**** PROVIDED RECORDS ****
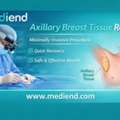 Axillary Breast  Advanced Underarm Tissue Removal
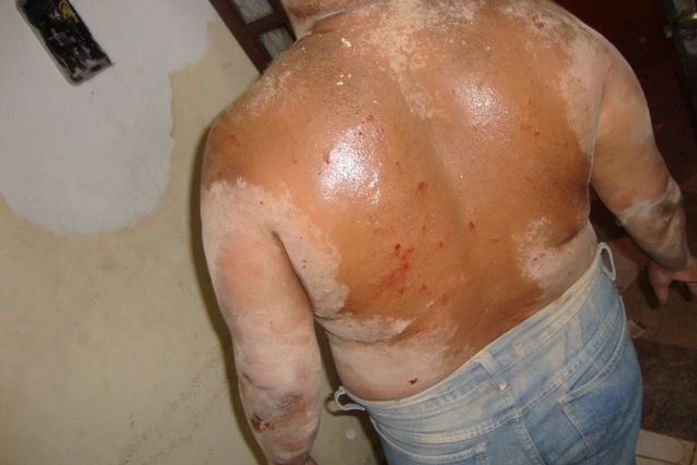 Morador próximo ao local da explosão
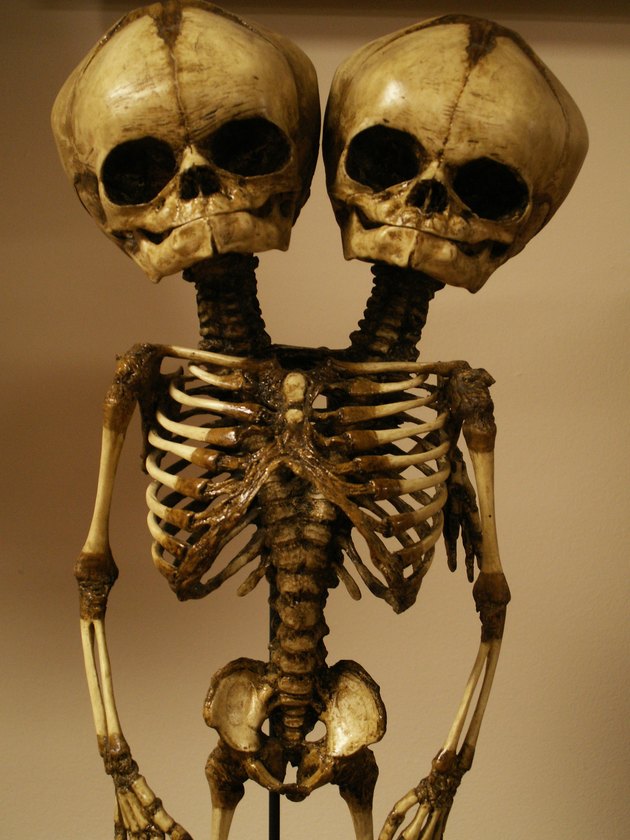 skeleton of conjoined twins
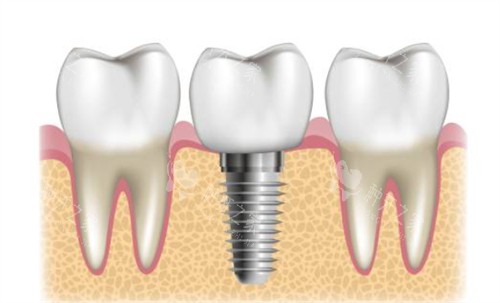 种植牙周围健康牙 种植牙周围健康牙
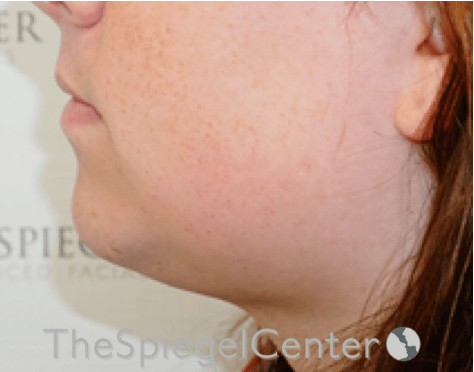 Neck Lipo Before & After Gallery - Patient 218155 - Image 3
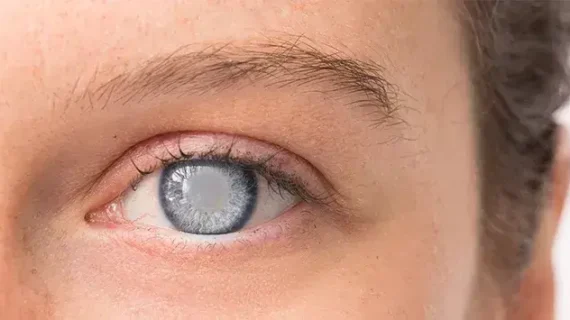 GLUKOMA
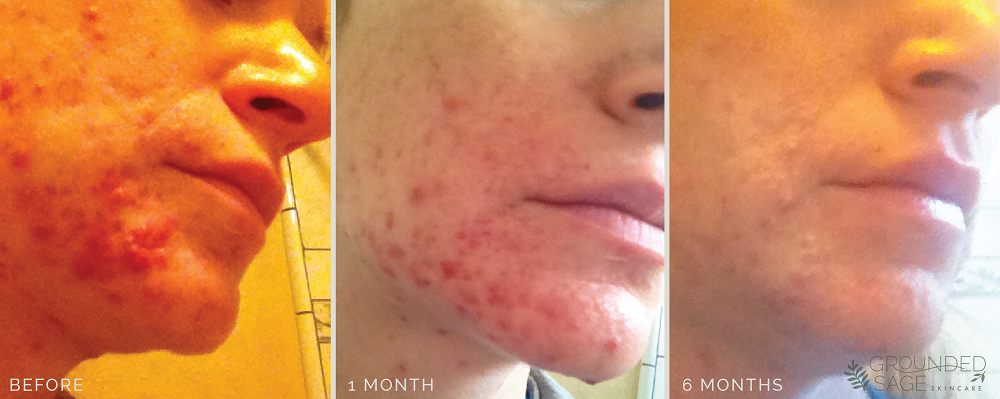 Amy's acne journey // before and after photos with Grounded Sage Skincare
****
**** PROVIDED RECORDS ****
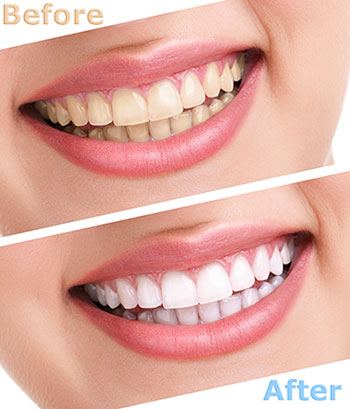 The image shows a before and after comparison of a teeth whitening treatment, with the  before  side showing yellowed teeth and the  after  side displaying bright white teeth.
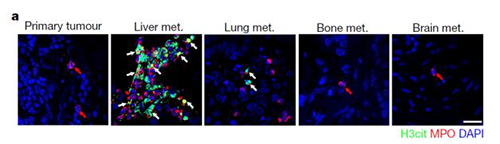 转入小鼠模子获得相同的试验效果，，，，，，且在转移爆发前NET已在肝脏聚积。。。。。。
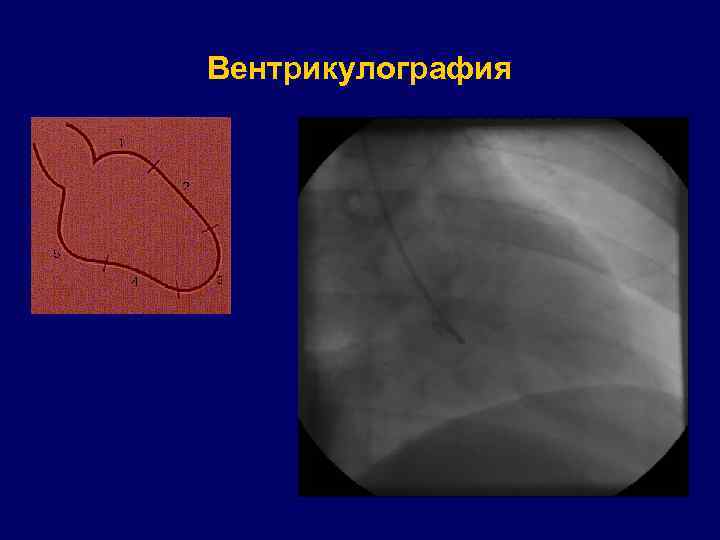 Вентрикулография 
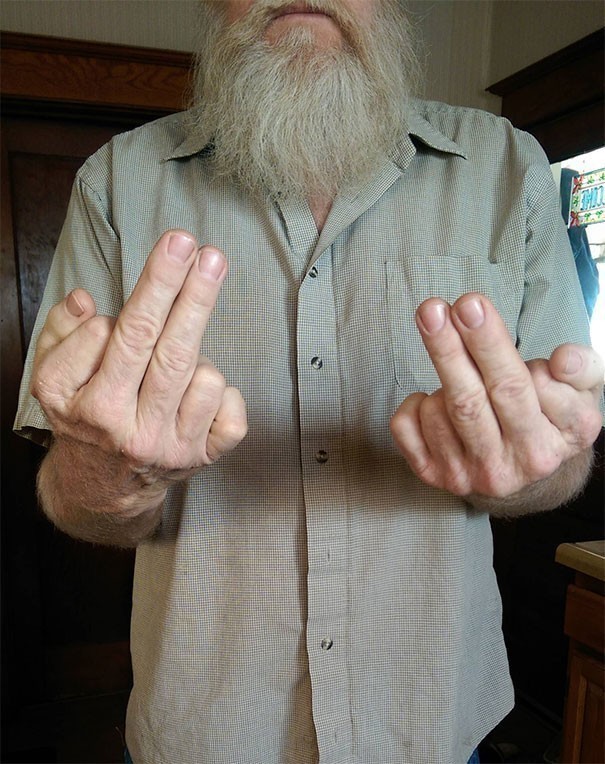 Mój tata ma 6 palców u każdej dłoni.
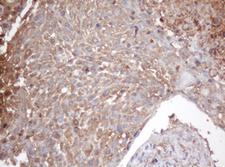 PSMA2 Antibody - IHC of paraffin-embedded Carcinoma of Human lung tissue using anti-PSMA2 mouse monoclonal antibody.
****
Return only the part above that opens with the line containing "转入小鼠模子获得相同的试验效" and closes with the line containing "PSMA2 Antibody - IHC", exactly and with both ends, skipping the pictures.

▸ **TASK OUTPUT**
 转入小鼠模子获得相同的试验效果，，，，，，且在转移爆发前NET已在肝脏聚积。。。。。。
 Вентрикулография 
 Mój tata ma 6 palców u każdej dłoni.
 PSMA2 Antibody - IHC of paraffin-embedded Carcinoma of Human lung tissue using anti-PSMA2 mouse monoclonal antibody.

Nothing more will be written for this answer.